- 著者
-
酒井 大輔
- 出版者
- 北見工業大学
- 雑誌
- 基盤研究(C)
- 巻号頁・発行日
- 2018-04-01
本研究では、物理的・化学的に安定しており、高い透過率を有するガラスの中で、世界的にもっとも普及しているソーダライムガラスに対し、微細な屈折構造を形成し、光学機能を付与する方法の確立と実現を目的とした研究を行う。従来、ガラスに対する微細構造形成には、大掛かりで高価な装置が必要であったが、本研究では、より安価な装置で処理が可能な独自の電界プロセスによる構造形成を目標としている。

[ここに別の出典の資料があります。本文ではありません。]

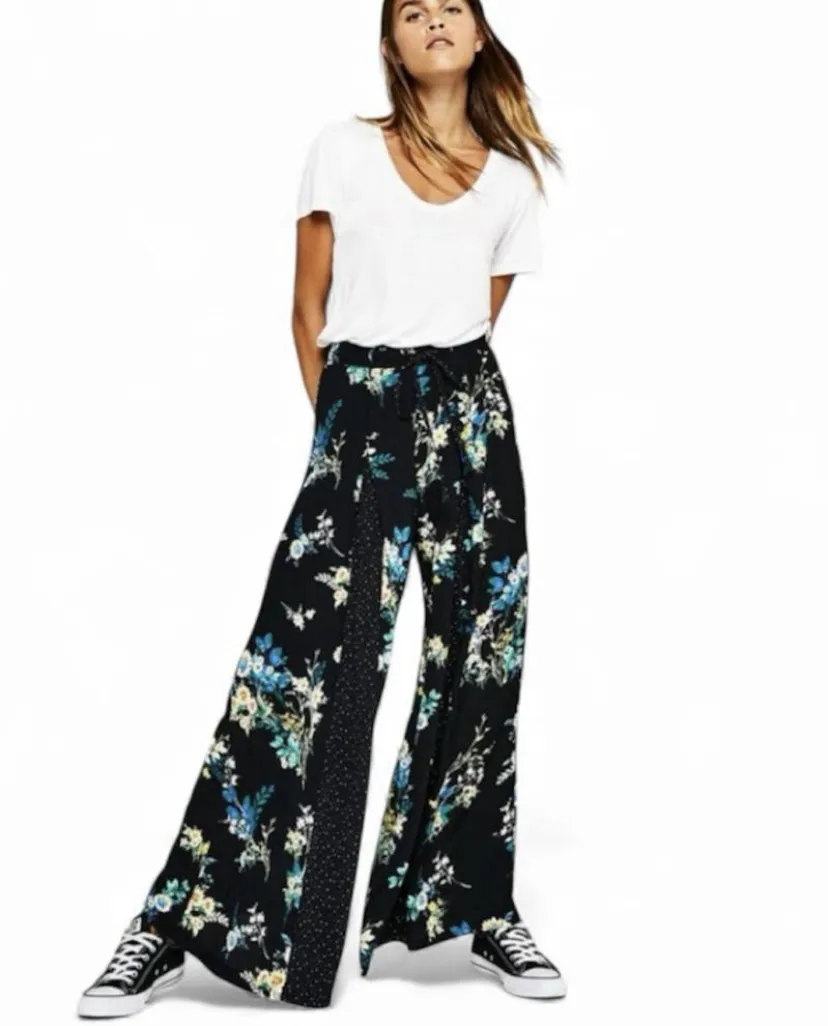 Pantalón Bershka - imagen 1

4年間での研究遂行に向け、・電圧プリント法の確立・選択堆積法の発展・微細屈折構造の光学機能計算・実装・評価の3点に着目した研究を計画している。初年度となる2018年度は、まず、電圧プリント用実験装置を作製した。電圧印加プロセスにおける昇圧タイミングを制御し、その際に流れる電流値を収集する必要があったため、LabVIEWを用いた機器制御プログラムとデータ収集プログラムを開発した。必要となる高圧電源などは過去の研究で用いた装置を流用し、ヒーター並びに徐冷機構を備え、温調も可能とした。作製した装置を用い、電圧プリント実験を行った。正極には荒い周期構造を加工した金属を用い、ソーダライムガラスとの間に微細な凹凸構造を形成した樹脂をはさみ、電圧印加を行った。電圧印加後、ガラス表面をレーザー顕微鏡により観察した結果、ガラス上には正極の荒い周期に応じて、樹脂上に形成されていた微細な構造を転写できていることが明らかとなった。加工の容易な樹脂上に形成した構造を加工の困難なガラスに転写できる新たな手法となり得るため、特許出願を行い、国際会議などで発表を行った。